Although hygiene is paramount in hotel kitchens, mould and bacteria sometimes have free rein in the cold rooms where food is kept. In the worst case, resulting in food poisoning. "This can be prevented by frequent thorough cleaning of the evaporators in the cold rooms," says CEO and co-owner Thierry Desmet of Valor Services Group.
Cold rooms of at least 3 by 3 metres or even bigger. You will find one or more in most professional hotel kitchens. Ideal for storing food, provided you pay the necessary attention to cleaning. Thierry Desmet outlines what causes most problems with these installations: "The doors of cold rooms are often opened and closed, causing considerable temperature fluctuations. Combined with the humid environment of the hotel kitchen, the risk of mould growth is high. Those moulds primarily settle in the evaporator, the component that distributes cool air through the cold room. What we often see is fungi spreading that way throughout the cold room, even into the seams of the doors."
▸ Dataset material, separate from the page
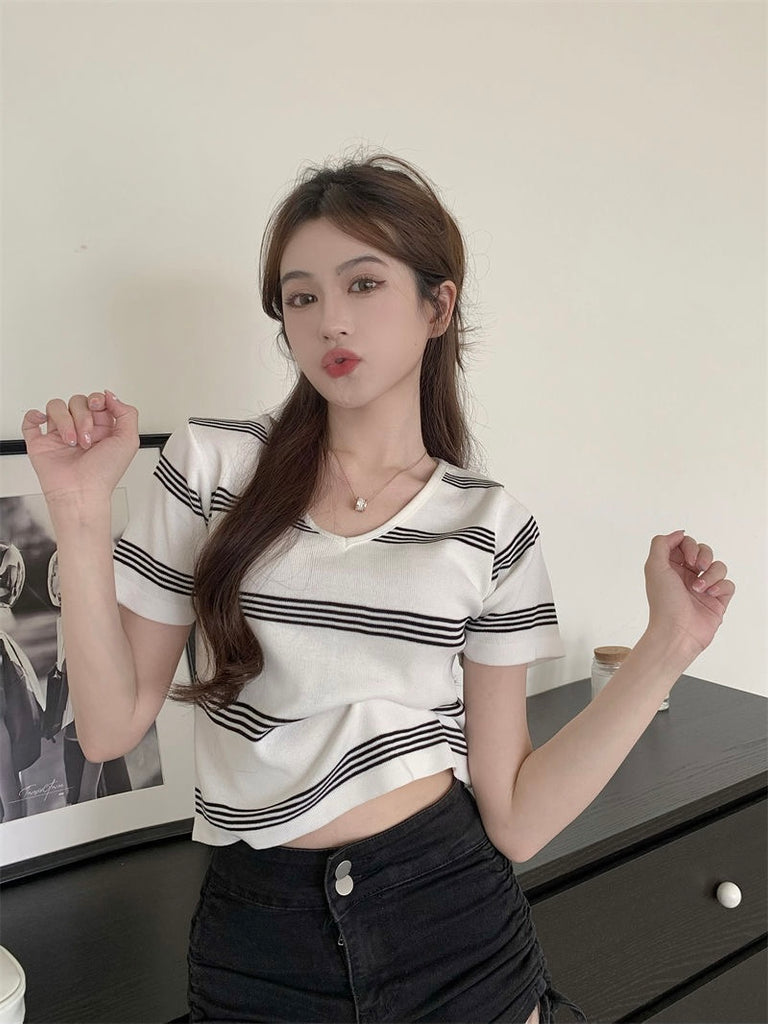 V-neck Stripe Classic Knitted Top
When mould and bacteria come into contact with food items stored in a cold store, it can have unpleasant consequences for food safety. "This is why it is mandatory to package these food items properly," Desmet continued, "but in the case of mould, there is always a risk, as not every package is one hundred per cent sealed." According to Desmet, the biggest danger of mould growth in cold rooms is that it allows the dangerous bacterium listeria to spread throughout the hotel kitchen. "This bacterium can cause food infections and is especially dangerous during pregnancy."
To ensure optimal hygiene of cold rooms, Desmet recommends having evaporators thoroughly cleaned and disinfected at least twice a year by a specialised company like Valor Services Group. Desmet: "An evaporator contains many electrical components and moving parts; cleaning them is best left to an expert. Moreover, cleaning by a recognised company provides a certificate that it has been carried out according to HACCP standards."
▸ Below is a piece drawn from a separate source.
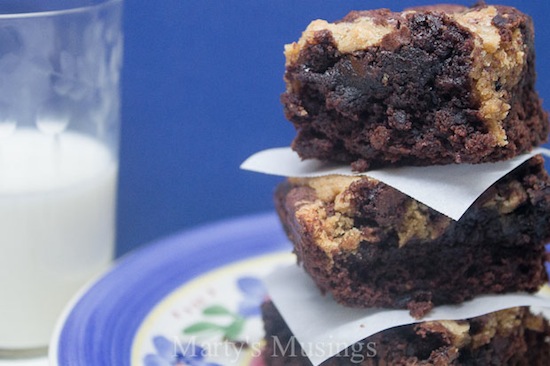 Chocolate-Chip-Cookie-Dough-Brownies-4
Periodic cleaning is important not only for reasons of food hygiene and employee health, but also because of energy savings, the CEO clarifies. "Particularly in the aluminium fins in the evaporator, dust and dirt often accumulate. The more mould and dirt there is between those fins, the harder the cooling airflow can pass through them and the more energy it takes to maintain the temperature. Frequent cleaning therefore results in better energy efficiency of the cold store."
To remove the hot air in the cold rooms to the outside and draw fresh air in, condensers are mostly located on the hotel roof. These installations also deserve attention, says Desmet. "In condensers, pollution from the outside air often accumulates. If they become full of dust, dirt and leaves, they no longer function optimally and are no longer energy-efficient. Especially during the pollen season, when pollen dust clogs the condensers, it is necessary to clean them thoroughly. This is usually done by blowing them clean with compressed air and then flushing them with water."
Proper hygiene of the refrigeration bins in a hotel kitchen should not be overlooked either, Desmet stresses. "There, we often see mould forming in the shelves. This is why we recommend deep cleaning at least once a year here."